This splits radio resources into time and frequency elements, called RBs. On the frequency scale a RB is 12 subcarriers wide (180 kHz), on the time scale it is one slot (0.5 ms)

Table 2.2. LTE cyclic prefix lengths in number of symbols, subcarriers and time

There are three downlink channels in the physical layer, shared, control and common control. And there are two uplink channels, the shared and the control channel. Modulation techniques used for uplink and downlink are QPSK, 16 QAM, 64 QAM while the broadcast channel uses only QPSK.

Figure 2.16. LTE OFDMA physical layer structure LTE physical layer uses multiple OFDMA subcarriers and symbols separated by guard intervals

Figure 2.17. LTE resource blocks and resource elements (from the 3GPP standard)

2.4.3. Uplink

The uplink standard is departing from the usual OFDMA approach: it uses SC-FDMA. SC-FDMA is a type of FDE. In SC-FDMA, a bit stream is converted into single carrier symbols, then a DFT is applied to it, subcarriers are mapped to these DFT tones and an inverse DFT (IDFT) is performed to convert back for transmission. Much like in OFDMA, the signal has a CP to limit ICI, and pulse shaping is used to limit ISI.
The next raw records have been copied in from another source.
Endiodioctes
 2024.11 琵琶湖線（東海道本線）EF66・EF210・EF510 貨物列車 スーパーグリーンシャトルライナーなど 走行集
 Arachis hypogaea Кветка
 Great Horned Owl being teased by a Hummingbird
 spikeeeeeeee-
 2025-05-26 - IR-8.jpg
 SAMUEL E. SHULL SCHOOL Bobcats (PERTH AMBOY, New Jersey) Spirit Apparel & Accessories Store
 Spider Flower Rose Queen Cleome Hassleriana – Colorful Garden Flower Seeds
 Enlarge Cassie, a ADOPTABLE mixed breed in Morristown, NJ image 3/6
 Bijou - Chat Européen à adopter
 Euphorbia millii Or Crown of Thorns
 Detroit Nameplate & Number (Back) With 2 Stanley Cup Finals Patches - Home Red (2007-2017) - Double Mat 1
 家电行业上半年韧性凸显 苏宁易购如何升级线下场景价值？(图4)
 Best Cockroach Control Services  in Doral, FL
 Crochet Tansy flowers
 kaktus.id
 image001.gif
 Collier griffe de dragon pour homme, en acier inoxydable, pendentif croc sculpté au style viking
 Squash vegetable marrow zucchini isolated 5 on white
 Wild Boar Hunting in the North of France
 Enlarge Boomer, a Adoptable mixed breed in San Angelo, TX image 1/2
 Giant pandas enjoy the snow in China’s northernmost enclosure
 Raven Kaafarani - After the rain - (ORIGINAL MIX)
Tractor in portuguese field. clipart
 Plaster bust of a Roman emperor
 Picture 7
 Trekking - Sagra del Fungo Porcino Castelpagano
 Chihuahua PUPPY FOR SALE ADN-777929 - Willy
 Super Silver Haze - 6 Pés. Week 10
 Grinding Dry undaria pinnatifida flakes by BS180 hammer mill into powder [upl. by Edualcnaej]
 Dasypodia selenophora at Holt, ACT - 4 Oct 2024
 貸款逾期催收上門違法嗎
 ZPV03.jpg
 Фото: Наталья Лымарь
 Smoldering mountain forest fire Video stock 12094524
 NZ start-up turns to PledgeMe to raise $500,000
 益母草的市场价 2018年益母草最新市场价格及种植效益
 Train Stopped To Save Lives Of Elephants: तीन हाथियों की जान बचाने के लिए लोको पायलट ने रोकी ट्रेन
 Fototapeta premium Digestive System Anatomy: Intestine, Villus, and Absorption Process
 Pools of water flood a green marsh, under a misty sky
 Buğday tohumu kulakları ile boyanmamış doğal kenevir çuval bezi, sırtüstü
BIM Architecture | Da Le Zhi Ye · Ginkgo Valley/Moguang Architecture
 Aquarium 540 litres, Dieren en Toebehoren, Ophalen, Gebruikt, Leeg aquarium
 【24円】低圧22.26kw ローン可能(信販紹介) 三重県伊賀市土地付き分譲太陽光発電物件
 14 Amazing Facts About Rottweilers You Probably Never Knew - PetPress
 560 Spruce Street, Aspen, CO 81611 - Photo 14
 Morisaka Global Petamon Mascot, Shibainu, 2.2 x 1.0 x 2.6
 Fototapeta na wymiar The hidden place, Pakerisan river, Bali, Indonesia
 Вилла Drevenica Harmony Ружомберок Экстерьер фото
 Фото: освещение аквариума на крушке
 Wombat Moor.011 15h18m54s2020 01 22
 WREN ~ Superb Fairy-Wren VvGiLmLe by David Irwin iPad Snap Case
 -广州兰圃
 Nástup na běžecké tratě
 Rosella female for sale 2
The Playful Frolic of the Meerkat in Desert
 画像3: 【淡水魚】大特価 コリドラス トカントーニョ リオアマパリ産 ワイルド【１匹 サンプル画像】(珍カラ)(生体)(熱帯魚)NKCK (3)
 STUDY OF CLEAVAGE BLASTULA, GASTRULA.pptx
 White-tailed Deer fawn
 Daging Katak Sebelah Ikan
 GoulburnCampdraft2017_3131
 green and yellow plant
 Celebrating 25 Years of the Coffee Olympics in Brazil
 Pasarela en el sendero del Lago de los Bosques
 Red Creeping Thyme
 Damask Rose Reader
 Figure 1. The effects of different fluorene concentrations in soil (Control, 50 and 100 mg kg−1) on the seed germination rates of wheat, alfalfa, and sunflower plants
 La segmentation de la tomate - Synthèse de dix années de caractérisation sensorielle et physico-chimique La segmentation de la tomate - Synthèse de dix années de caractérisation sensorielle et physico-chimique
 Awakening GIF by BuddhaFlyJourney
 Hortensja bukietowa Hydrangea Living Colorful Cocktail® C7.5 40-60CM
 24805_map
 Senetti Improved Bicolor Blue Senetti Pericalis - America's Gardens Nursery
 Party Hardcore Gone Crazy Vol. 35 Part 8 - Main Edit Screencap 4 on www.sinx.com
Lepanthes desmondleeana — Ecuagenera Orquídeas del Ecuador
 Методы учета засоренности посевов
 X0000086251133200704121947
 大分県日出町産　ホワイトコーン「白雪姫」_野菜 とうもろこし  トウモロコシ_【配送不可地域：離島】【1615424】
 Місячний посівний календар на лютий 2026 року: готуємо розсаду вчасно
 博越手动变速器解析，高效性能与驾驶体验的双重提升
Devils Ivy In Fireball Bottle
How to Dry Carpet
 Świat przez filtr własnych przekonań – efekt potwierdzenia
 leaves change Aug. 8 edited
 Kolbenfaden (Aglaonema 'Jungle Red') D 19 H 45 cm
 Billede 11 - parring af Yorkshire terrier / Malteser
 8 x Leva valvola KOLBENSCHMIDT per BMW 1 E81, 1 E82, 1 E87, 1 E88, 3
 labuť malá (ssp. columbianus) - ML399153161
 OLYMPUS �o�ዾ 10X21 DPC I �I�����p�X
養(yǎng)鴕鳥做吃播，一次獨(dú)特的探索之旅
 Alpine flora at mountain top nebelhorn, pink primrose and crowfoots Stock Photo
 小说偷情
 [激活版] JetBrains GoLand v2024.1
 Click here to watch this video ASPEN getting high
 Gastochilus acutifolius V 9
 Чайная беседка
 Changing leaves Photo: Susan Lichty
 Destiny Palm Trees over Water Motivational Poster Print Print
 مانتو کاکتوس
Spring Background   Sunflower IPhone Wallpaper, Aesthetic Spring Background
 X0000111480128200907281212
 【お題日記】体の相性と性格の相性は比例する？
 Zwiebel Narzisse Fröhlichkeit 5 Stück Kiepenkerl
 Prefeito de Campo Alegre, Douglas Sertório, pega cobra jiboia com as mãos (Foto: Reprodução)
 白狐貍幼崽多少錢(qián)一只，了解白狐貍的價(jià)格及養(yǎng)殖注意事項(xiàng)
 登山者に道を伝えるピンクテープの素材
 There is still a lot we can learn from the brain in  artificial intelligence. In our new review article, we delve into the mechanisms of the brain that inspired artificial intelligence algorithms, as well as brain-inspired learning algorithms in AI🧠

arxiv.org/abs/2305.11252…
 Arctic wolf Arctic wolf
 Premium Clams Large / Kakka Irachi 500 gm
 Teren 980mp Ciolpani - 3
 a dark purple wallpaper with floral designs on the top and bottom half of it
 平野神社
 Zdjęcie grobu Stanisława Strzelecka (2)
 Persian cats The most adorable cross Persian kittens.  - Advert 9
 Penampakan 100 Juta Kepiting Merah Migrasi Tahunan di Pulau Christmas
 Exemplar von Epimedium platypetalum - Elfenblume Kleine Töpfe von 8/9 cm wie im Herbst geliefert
Similar parameters are used as for downlink: subcarrier spacing 15 kHz, CP normal or extended (note that CP is the same for all UE in cell, and the same as downlink). The uplink uses the same symbol period and resource elements as in the downlink. RBs are defined in the same manner, with NSCRB = 12 subcarriers and NRB depends on bandwidth: 6, 15, 25, 50, 75 or 100.

Figure 2.18. CDF PAPR comparison for OFDMA used in the LTE downlink, and SC-FDMA localized mode (LFDMA) used in the LTE uplink – 256 total subcarriers, 64 subcarrier per user, 0.5 roll-off factor, a) QPSK, b) 16 QAM

LTE physical layer throughput calculations are easily derived from the 3GPP specifications: 1 Radio Frame has 10 subframes, each subframe has 2 time-slots, each time-slot is 0.5 ms long, 1 time-slot has 7 modulation symbols or OFDMA symbols (when normal CP length is used). Each modulation symbol = 6 bits at 64 QAM (note that these are physical layer bits, not actual user information).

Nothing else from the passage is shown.